Global oil prices have clawed back significantly after a rout to kick off the trading week, and at least one energy fund manager thinks crude prices have a lot of runway – maybe even enough to top US$100 a barrel.
“I think we’re in a secular bull market for oil that will conclude with all time-highs for oil prices,” said Eric Nuttall, partner and senior portfolio manager at Ninepoint Partners, in an interview Thursday. “This week is a good reminder there’s a lot of noise in the market, and it’s important to focus on the things that really matter.”
While Nuttall stopped short of pegging an exact price target for West Texas Intermediate, he agreed when asked if this bull market scenario would see prices clear $100 a barrel.
As was the case with financial markets, energy prices took a hit on Monday as fears of the Delta variant clouded the demand outlook. But Nuttall dismissed the selling event as a blip, and merely a deviation from fundamentals.
By Thursday afternoon, WTI was trading above US$71 a barrel after briefly dipping below US$66 earlier this week.
“The demand for oil will grow for at least the next ten years, and yet the fear of peak demand by some, is leading to the reality of peak supply.” said Nuttall. “In terms of the oil price this is a good level to allow OPEC to gradually bring on oil production and to get closer to the exhaustion of their spare capacity by some time next year.”
Nuttall’s bull case for crude prices is based off global super majors like BP Plc and Royal Dutch Shell Plc leaning into renewables, OPEC’s reluctance to drastically boost production, as well as projections that U.S. shale production growth will remain tempered.
“I think we’re entering into an energy crisis in the years ahead, that will result in meaningfully higher oil prices and meaningfully higher oil stock prices as well.” said Nuttall.

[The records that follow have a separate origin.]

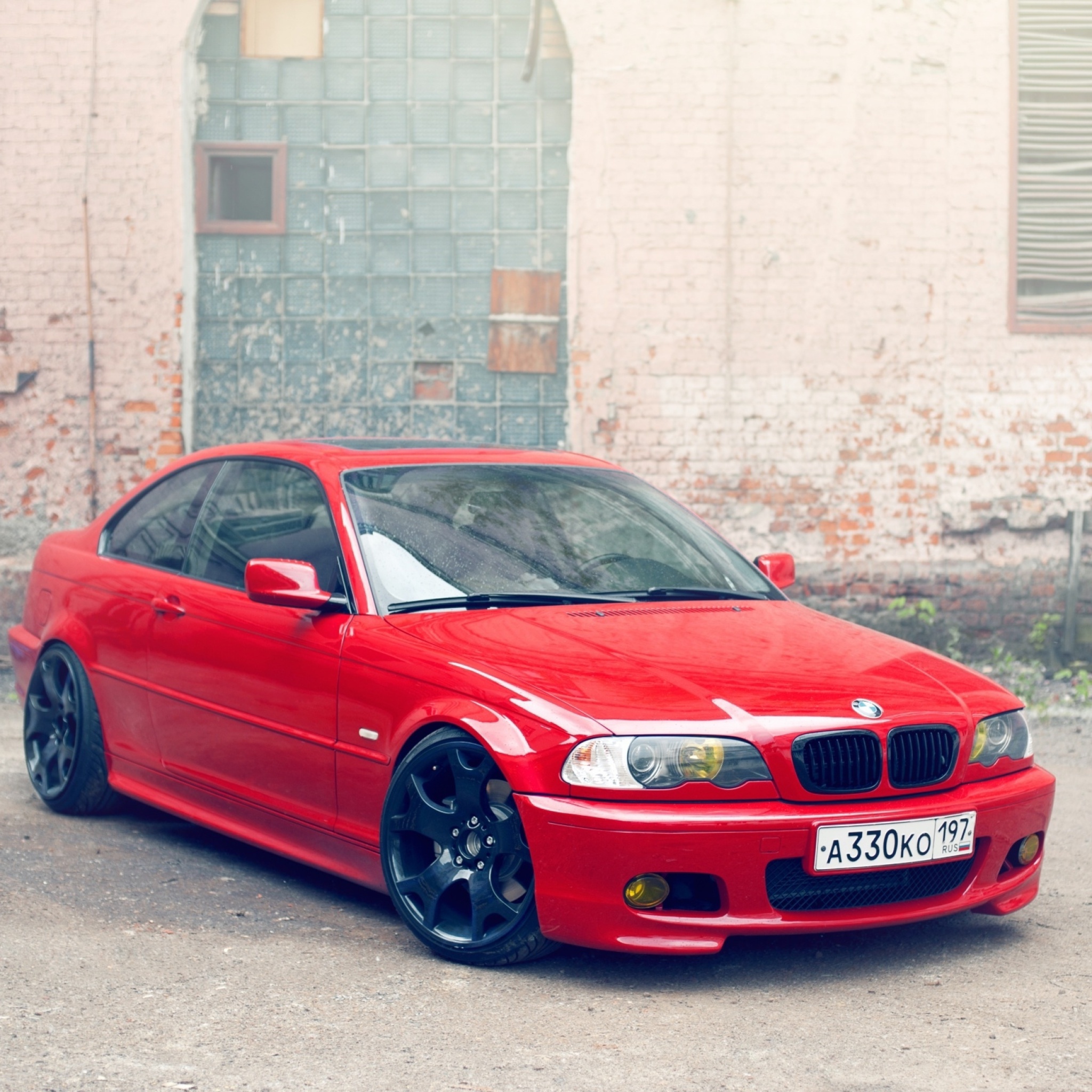 Screenshot №1 pro téma BMW E46 Stance 2048x2048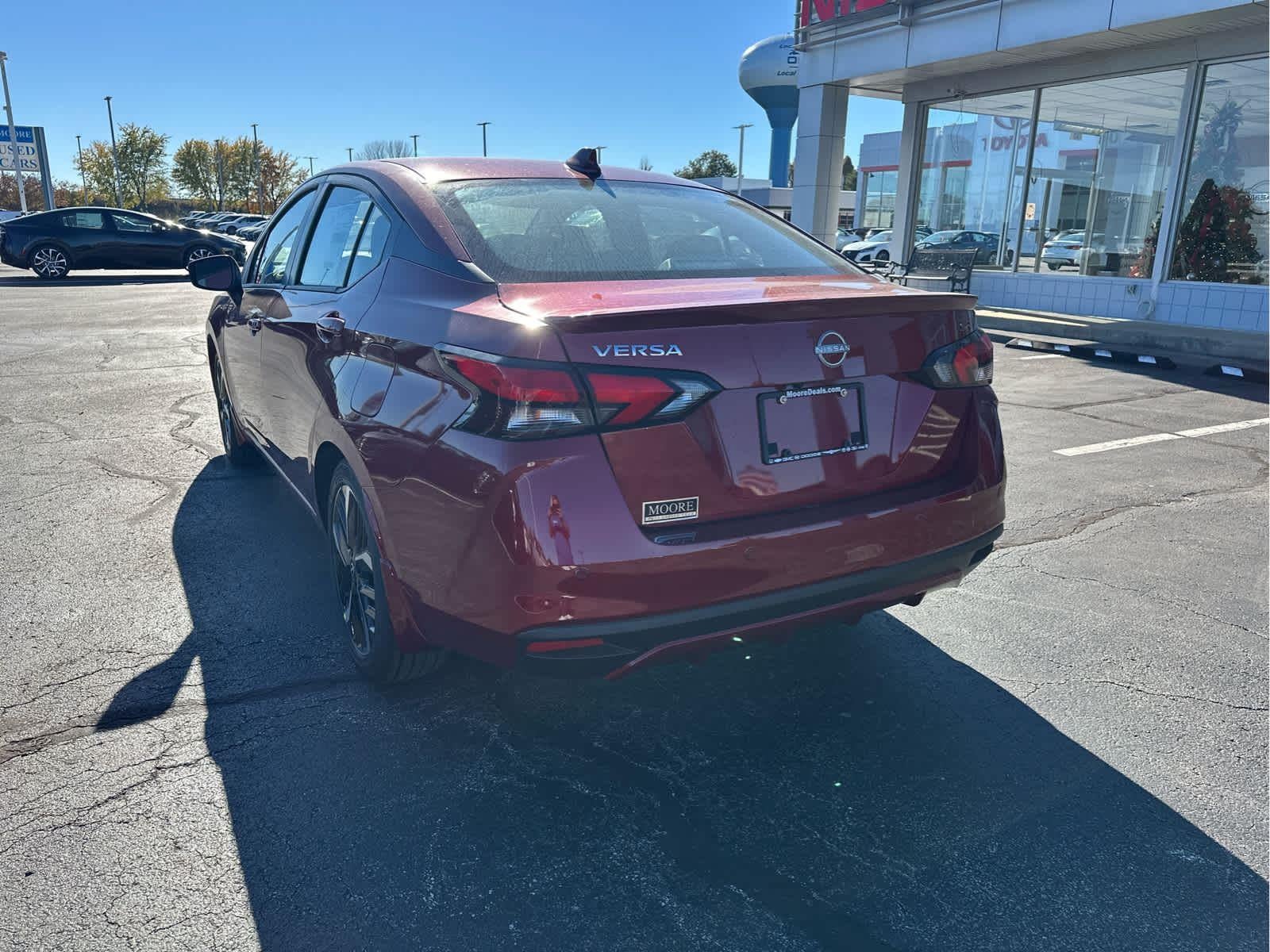 2025 Nissan Versa SR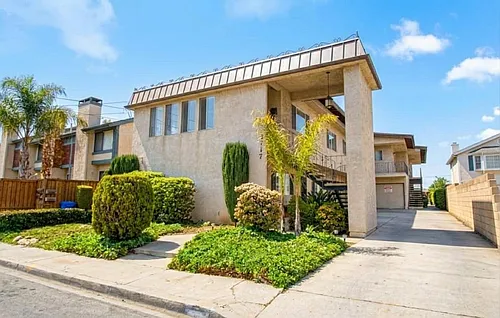 2717 Vanderbilt Ln #B Photo 1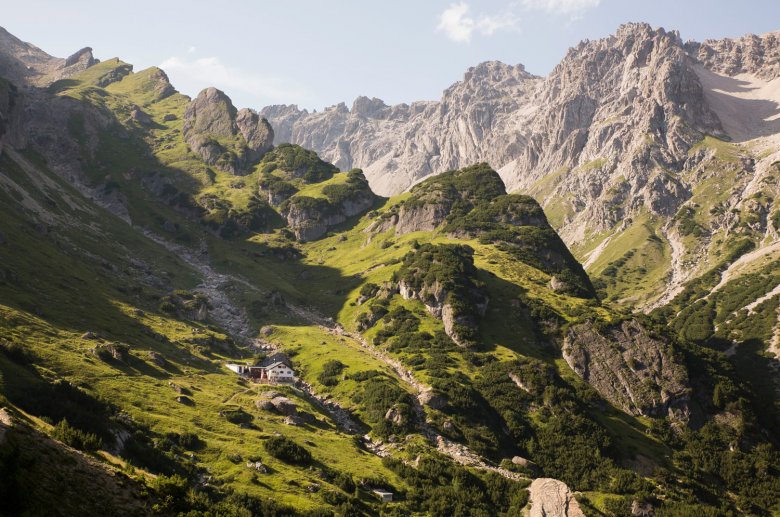 Blick zur schön gelegenen Muttekopfhütte.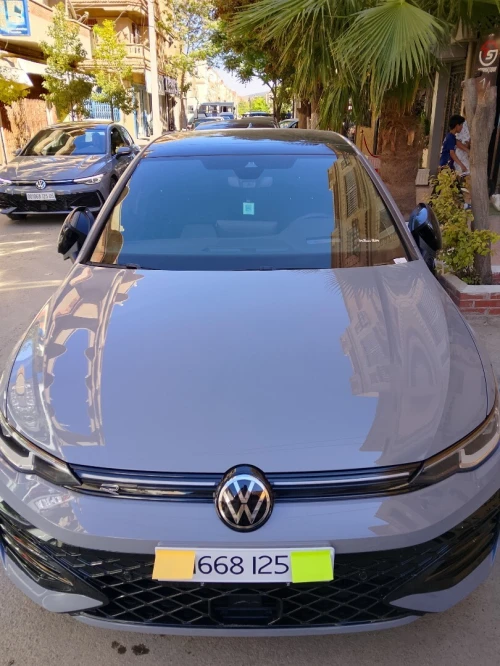Volkswagen Golf 8 2025 المجمولة Harman / Kardon
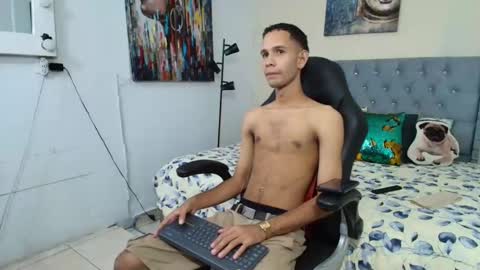 michaell_bellk_ online show from 10-21-25, 07:03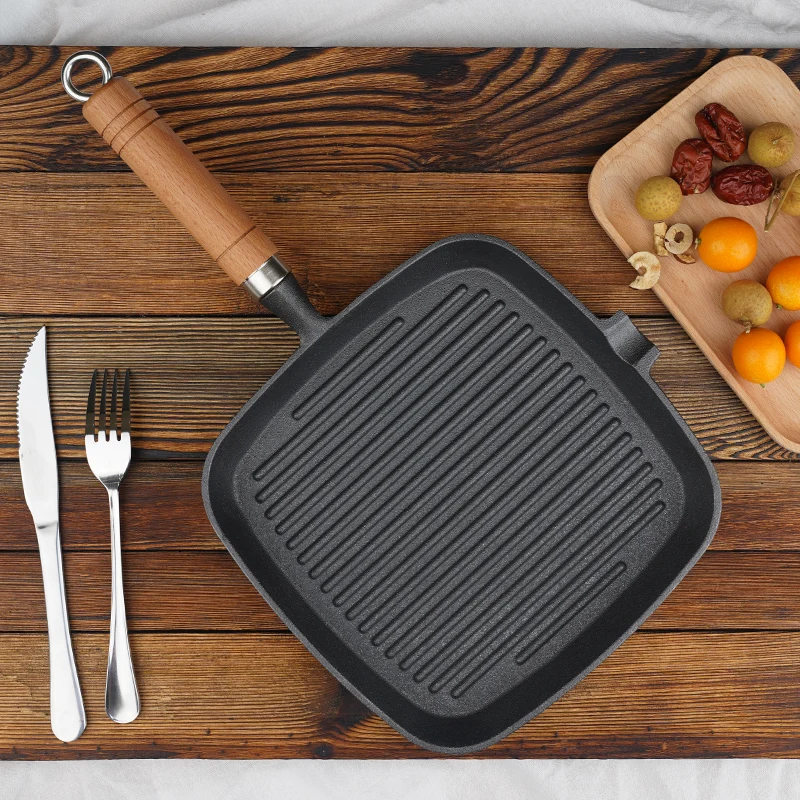 24cm Steak Frying Pan Iron Nonstick Steak Pot Wooden Handle Phickened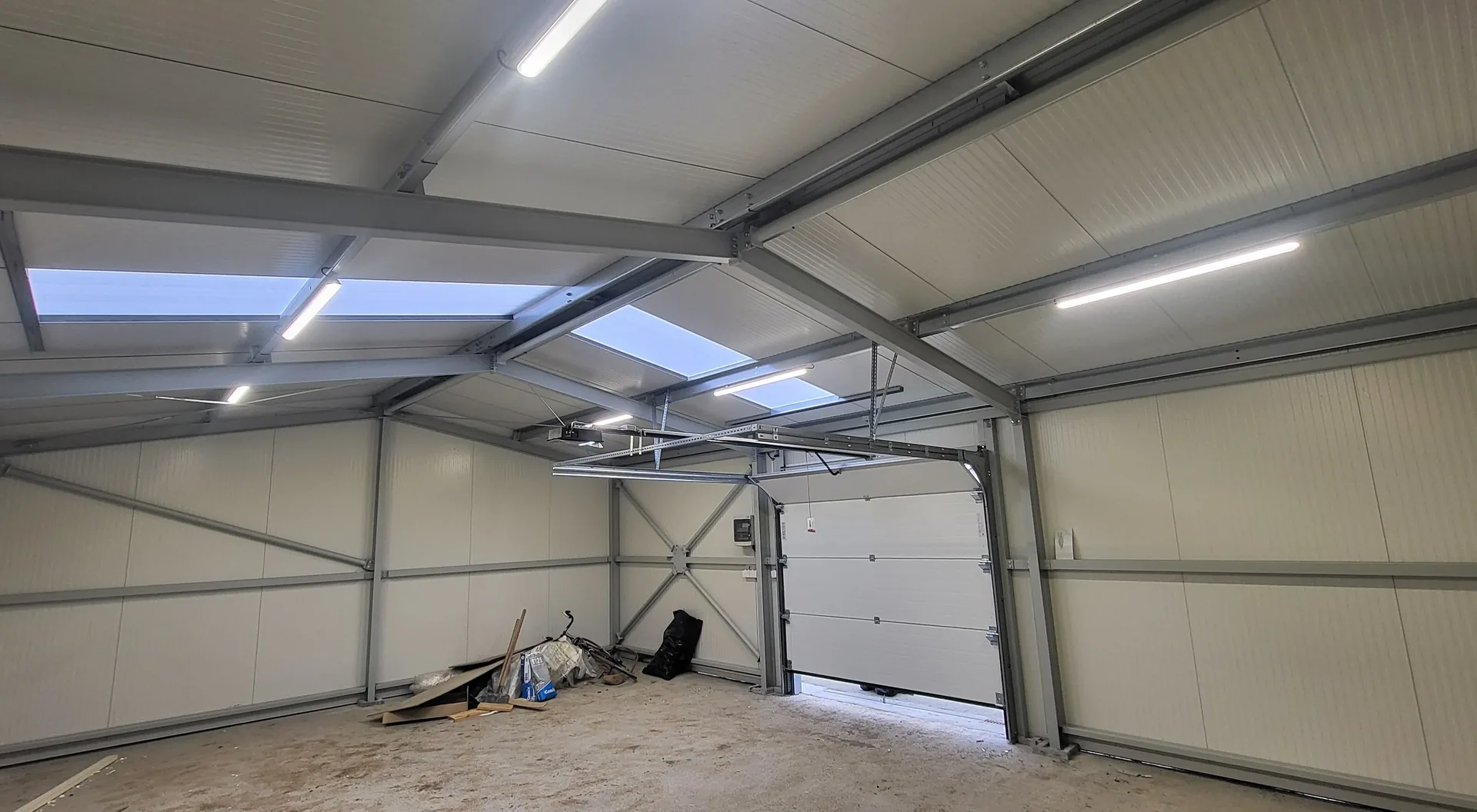 Hala s LED osvětlením — elektroinstalace komerčních prostor Lovosice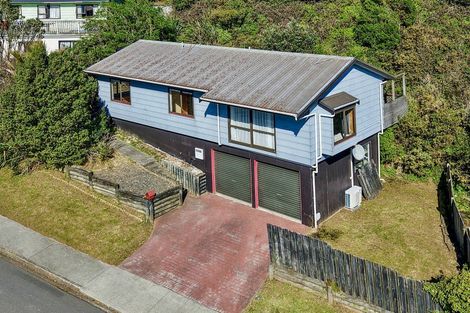 Photo of property in 31b Fitzpatrick Street, Newlands, Wellington, 6037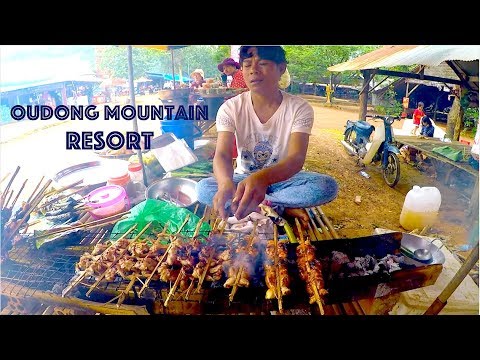 Street Food Market at Oudong Mountain Resort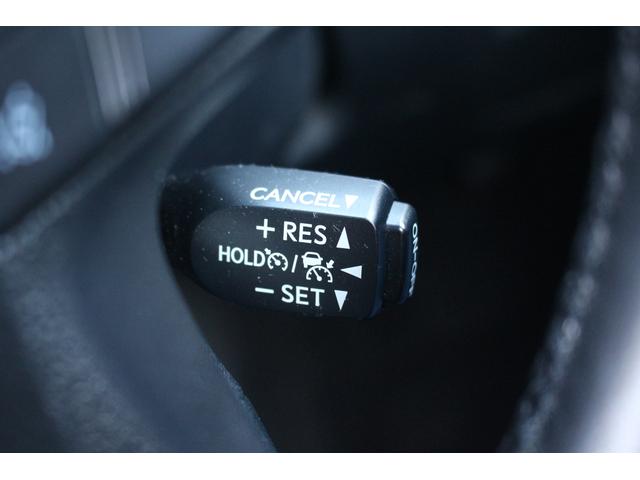 アルファードハイブリッド S タイプゴールド 禁煙車 純正9インチナビ フルセグTV バックカメラ フリップダウンモニター 衝突軽減 電動リアゲート 両側電動スライドドア 純正17インチアルミホイール ETC LEDヘッドライト 雹害車(4枚目)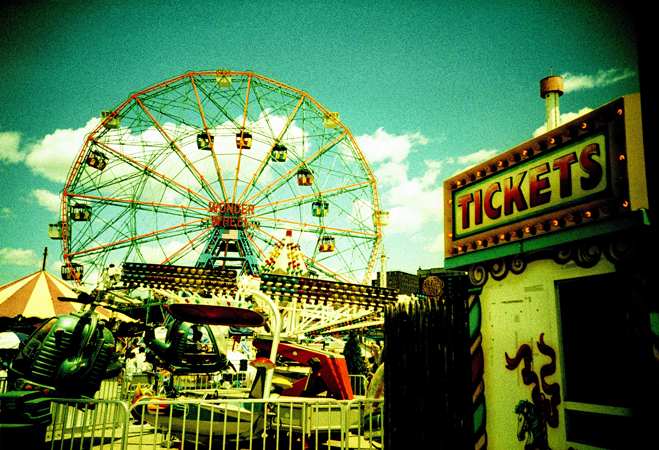 amusements007.jpg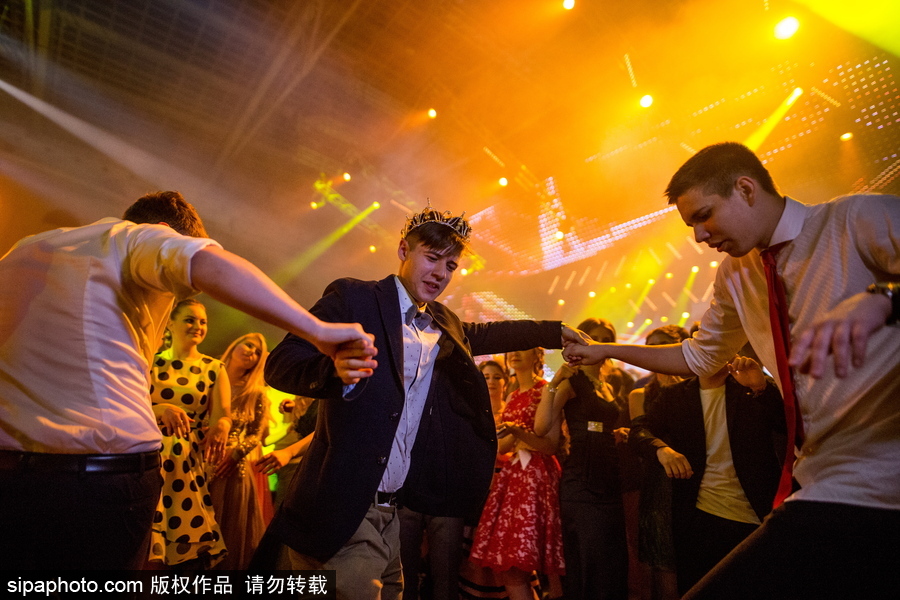 狂歡亦是最好的告別 實拍俄羅斯莫斯科畢業(yè)舞會盛況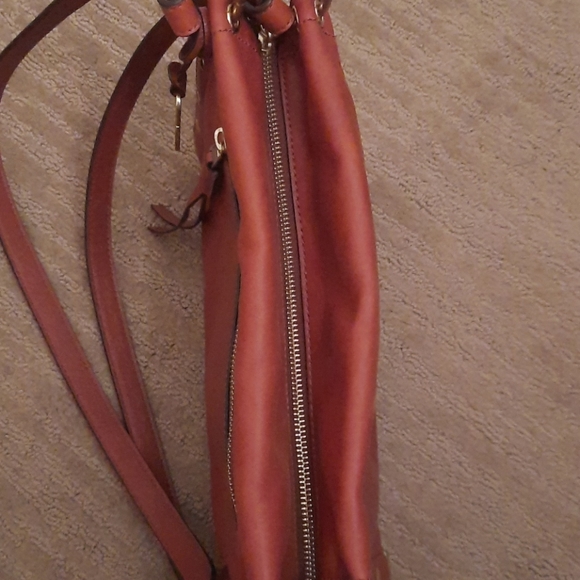Like new FOSSIL long strap leather purse - Picture 5 of 6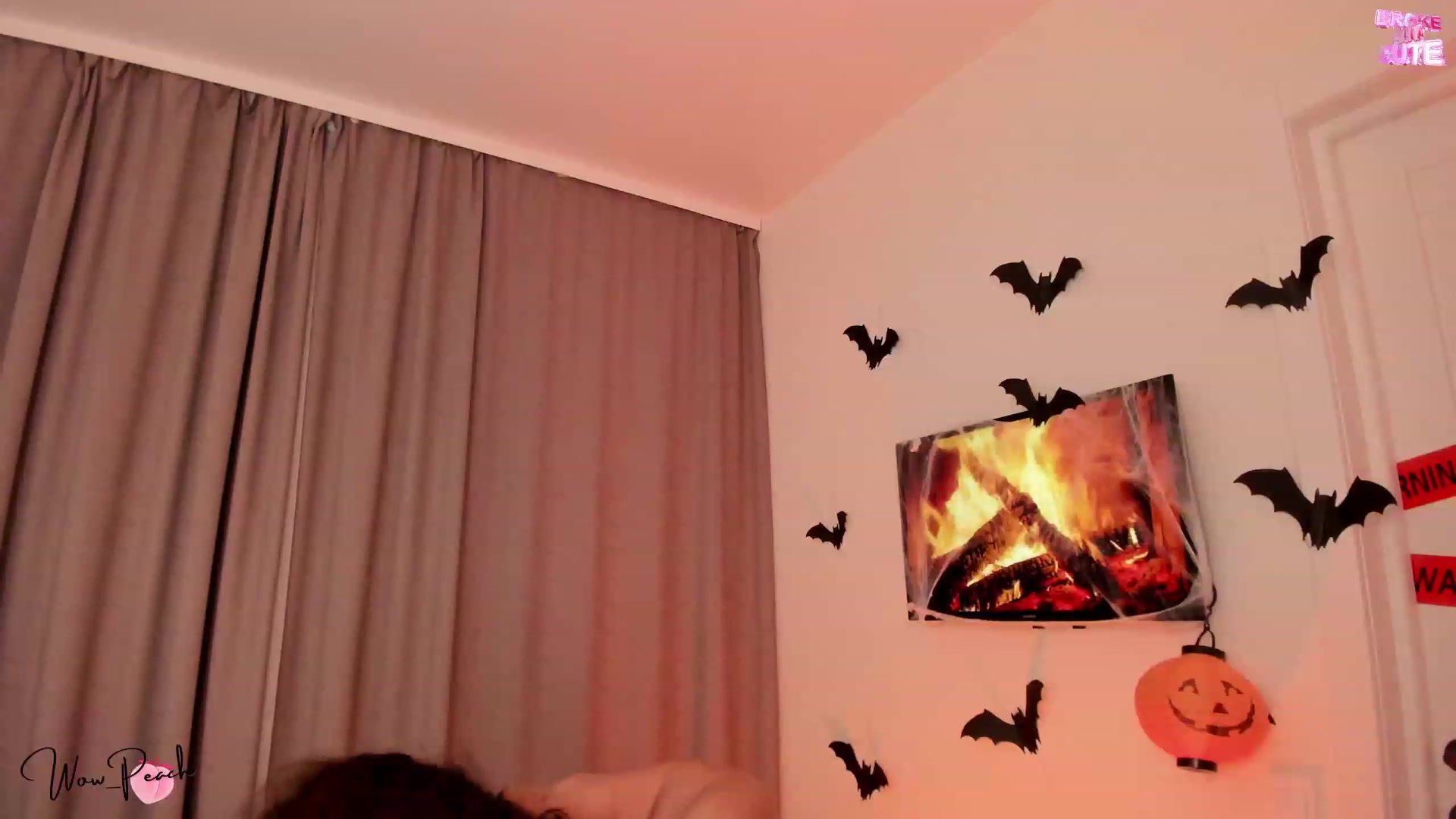 Gallery image thumbnail from wow_peach's myfreecams stream on, 10/28/2023, 21:46 image 2 of 20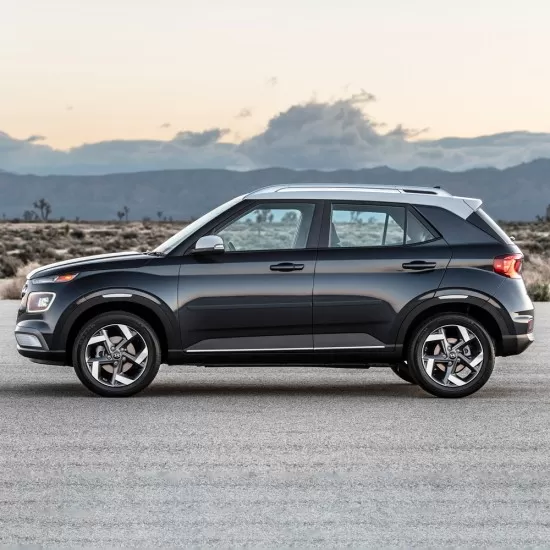 Hyundai Venue Painted Body Side Moldings 2020 - 2026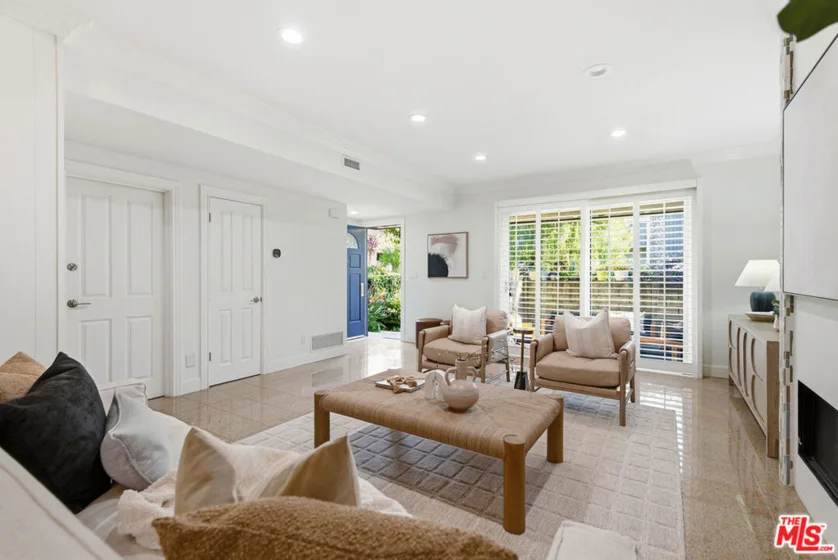 13233 Fiji Way #H photo 6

“Energy stocks do not need a higher oil price to go up. We just need the market to become aware that US$70 is a sustainable floor, and not a ceiling.”
This could attract generalist Canadian investors back to the unloved oil and gas sector, according to Nuttall, who added that Canadian producers would be unwise to boost their production, and instead should focus on share buybacks and dividends.
“How can you possibly justify growing your volumes when the valuation of your shares are trading at such dismally low levels?” he said. “There’s not a single reason why these companies should be growing their volumes, instead they should be growing their cash flows.”